Caption-style text data:
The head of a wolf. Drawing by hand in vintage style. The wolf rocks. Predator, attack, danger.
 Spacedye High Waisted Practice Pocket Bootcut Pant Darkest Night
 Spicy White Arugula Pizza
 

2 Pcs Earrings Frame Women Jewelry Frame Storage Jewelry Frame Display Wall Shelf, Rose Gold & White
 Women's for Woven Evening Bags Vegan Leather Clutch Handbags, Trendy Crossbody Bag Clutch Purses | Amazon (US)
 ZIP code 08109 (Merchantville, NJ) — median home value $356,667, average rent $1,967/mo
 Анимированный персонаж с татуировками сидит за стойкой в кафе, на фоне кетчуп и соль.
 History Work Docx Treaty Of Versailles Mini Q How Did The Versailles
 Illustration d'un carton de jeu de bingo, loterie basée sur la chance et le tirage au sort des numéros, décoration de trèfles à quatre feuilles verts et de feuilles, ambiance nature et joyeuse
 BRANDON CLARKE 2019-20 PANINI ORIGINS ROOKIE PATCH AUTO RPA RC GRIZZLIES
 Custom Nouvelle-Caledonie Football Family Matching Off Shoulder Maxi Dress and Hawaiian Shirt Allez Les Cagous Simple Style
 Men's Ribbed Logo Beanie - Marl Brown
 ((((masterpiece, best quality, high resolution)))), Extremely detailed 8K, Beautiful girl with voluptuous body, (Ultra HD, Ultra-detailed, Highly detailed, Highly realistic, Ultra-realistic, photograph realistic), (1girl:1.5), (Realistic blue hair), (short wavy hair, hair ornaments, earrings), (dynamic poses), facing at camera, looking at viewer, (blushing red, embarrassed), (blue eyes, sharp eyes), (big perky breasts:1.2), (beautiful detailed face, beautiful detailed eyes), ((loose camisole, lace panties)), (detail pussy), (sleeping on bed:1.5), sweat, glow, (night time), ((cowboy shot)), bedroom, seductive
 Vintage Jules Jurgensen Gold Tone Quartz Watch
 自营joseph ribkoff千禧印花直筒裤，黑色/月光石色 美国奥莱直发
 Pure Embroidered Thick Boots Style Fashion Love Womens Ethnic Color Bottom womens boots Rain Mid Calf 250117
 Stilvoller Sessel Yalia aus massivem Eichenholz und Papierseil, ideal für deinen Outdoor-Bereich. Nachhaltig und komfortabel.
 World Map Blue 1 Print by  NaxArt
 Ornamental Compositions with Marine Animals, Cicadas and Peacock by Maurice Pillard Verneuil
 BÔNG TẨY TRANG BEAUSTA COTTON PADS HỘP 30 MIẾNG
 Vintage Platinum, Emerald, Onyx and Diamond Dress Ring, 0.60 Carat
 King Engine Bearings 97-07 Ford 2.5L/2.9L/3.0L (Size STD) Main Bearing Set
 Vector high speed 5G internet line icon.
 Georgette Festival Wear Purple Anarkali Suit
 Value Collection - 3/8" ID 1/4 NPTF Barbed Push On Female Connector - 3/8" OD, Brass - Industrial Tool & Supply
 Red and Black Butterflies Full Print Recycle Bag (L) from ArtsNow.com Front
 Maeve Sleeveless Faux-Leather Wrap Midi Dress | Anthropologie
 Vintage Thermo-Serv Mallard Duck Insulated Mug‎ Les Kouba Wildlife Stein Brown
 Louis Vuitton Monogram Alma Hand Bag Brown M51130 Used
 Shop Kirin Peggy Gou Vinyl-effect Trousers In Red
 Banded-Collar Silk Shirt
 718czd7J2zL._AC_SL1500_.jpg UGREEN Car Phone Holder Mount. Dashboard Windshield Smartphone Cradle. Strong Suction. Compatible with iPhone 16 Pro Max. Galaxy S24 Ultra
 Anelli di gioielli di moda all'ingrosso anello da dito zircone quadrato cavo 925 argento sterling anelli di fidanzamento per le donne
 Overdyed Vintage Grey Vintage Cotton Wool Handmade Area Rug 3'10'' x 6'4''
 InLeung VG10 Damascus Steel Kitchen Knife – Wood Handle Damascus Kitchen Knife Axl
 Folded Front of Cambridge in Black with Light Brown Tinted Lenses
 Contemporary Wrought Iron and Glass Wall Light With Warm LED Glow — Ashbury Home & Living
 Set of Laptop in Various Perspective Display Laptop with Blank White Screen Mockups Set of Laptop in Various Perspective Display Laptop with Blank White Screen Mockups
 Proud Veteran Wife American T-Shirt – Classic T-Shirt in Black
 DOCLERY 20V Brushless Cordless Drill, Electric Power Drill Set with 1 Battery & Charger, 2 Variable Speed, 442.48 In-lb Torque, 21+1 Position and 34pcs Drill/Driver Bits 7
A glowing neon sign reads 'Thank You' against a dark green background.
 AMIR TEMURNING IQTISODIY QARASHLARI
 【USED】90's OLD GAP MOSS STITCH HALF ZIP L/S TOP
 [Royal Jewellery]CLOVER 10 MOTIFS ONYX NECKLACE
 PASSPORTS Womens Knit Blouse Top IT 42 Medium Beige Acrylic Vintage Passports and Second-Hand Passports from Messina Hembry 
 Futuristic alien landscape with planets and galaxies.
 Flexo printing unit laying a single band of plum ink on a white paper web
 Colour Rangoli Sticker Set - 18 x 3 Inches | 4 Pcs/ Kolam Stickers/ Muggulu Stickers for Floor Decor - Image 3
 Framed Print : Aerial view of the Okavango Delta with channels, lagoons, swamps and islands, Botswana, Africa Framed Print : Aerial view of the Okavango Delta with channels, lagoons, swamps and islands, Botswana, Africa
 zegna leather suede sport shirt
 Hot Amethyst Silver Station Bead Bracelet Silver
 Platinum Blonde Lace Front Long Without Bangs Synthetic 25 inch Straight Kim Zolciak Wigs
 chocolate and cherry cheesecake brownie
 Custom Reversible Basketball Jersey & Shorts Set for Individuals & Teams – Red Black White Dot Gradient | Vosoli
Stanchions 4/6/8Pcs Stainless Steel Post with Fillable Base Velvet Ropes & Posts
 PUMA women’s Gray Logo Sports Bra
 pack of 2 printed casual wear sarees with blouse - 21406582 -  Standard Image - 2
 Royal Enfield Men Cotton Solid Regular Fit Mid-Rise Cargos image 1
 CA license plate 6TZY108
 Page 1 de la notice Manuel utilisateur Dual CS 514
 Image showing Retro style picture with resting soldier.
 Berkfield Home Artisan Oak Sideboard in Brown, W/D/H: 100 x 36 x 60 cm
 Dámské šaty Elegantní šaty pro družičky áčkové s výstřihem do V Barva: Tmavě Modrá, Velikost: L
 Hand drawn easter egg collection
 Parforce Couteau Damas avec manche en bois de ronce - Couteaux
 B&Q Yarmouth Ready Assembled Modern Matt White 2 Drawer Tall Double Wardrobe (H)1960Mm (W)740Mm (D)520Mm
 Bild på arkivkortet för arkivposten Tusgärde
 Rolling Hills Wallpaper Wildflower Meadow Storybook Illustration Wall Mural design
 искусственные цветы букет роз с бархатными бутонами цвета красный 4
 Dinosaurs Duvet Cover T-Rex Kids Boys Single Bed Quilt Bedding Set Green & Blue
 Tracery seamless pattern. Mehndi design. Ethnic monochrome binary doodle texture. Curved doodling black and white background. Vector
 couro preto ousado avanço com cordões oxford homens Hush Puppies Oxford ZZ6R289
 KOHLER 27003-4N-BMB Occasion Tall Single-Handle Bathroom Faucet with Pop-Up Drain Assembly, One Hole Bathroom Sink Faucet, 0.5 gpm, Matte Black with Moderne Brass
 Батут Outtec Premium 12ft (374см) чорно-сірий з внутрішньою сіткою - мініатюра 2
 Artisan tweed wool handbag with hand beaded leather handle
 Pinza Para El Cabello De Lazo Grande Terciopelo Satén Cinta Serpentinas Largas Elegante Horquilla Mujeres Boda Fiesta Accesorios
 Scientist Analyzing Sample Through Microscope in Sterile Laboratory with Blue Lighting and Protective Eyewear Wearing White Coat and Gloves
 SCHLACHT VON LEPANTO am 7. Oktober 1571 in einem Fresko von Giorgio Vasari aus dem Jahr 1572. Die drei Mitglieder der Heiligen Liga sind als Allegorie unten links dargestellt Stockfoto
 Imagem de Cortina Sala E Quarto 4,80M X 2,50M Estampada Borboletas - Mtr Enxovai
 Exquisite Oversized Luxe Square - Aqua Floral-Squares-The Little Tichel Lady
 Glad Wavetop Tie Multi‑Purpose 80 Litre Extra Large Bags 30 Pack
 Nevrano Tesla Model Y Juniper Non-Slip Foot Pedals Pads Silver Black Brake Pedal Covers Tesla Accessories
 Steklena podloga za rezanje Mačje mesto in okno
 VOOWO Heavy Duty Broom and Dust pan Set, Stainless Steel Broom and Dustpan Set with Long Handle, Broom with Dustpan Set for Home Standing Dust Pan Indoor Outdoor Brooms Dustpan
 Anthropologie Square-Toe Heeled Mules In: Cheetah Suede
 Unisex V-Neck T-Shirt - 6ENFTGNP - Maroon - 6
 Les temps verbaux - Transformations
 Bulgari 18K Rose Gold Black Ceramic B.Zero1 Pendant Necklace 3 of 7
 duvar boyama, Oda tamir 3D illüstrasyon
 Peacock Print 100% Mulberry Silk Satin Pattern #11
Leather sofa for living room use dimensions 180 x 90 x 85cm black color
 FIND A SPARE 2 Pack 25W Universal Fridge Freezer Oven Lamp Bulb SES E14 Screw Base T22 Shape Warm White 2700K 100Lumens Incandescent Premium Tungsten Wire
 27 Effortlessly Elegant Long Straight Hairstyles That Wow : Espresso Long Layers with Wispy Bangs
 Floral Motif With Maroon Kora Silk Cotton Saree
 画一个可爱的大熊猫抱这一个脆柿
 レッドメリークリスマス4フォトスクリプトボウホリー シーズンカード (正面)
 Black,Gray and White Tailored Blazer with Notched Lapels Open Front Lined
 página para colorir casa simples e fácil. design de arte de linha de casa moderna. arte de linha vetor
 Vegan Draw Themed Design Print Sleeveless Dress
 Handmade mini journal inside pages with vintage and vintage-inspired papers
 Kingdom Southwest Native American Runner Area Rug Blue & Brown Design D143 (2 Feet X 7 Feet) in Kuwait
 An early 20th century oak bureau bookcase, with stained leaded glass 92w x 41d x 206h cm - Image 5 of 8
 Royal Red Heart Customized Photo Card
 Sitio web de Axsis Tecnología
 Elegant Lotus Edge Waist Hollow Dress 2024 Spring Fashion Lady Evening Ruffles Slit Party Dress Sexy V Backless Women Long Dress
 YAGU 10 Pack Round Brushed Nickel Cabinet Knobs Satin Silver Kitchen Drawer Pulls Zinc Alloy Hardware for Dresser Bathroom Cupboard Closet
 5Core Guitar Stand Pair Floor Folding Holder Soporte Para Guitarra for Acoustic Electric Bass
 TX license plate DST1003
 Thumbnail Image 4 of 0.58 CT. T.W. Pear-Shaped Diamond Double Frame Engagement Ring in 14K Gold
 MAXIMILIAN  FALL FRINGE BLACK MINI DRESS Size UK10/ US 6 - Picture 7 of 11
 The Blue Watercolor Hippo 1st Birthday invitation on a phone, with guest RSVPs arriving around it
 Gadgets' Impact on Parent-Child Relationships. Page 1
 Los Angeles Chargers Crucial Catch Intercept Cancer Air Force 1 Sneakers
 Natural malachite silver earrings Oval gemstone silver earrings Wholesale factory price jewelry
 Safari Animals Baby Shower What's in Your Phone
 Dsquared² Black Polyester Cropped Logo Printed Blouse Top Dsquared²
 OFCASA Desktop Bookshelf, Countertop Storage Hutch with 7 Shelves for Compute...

What you are asked to do: Give the exact lines, and only those, from the line containing "Dámské šaty Elegantní" through the line containing "Pinza Para El" in the entries above.

Exercise answer:
 Dámské šaty Elegantní šaty pro družičky áčkové s výstřihem do V Barva: Tmavě Modrá, Velikost: L
 Hand drawn easter egg collection
 Parforce Couteau Damas avec manche en bois de ronce - Couteaux
 B&Q Yarmouth Ready Assembled Modern Matt White 2 Drawer Tall Double Wardrobe (H)1960Mm (W)740Mm (D)520Mm
 Bild på arkivkortet för arkivposten Tusgärde
 Rolling Hills Wallpaper Wildflower Meadow Storybook Illustration Wall Mural design
 искусственные цветы букет роз с бархатными бутонами цвета красный 4
 Dinosaurs Duvet Cover T-Rex Kids Boys Single Bed Quilt Bedding Set Green & Blue
 Tracery seamless pattern. Mehndi design. Ethnic monochrome binary doodle texture. Curved doodling black and white background. Vector
 couro preto ousado avanço com cordões oxford homens Hush Puppies Oxford ZZ6R289
 KOHLER 27003-4N-BMB Occasion Tall Single-Handle Bathroom Faucet with Pop-Up Drain Assembly, One Hole Bathroom Sink Faucet, 0.5 gpm, Matte Black with Moderne Brass
 Батут Outtec Premium 12ft (374см) чорно-сірий з внутрішньою сіткою - мініатюра 2
 Artisan tweed wool handbag with hand beaded leather handle
 Pinza Para El Cabello De Lazo Grande Terciopelo Satén Cinta Serpentinas Largas Elegante Horquilla Mujeres Boda Fiesta Accesorios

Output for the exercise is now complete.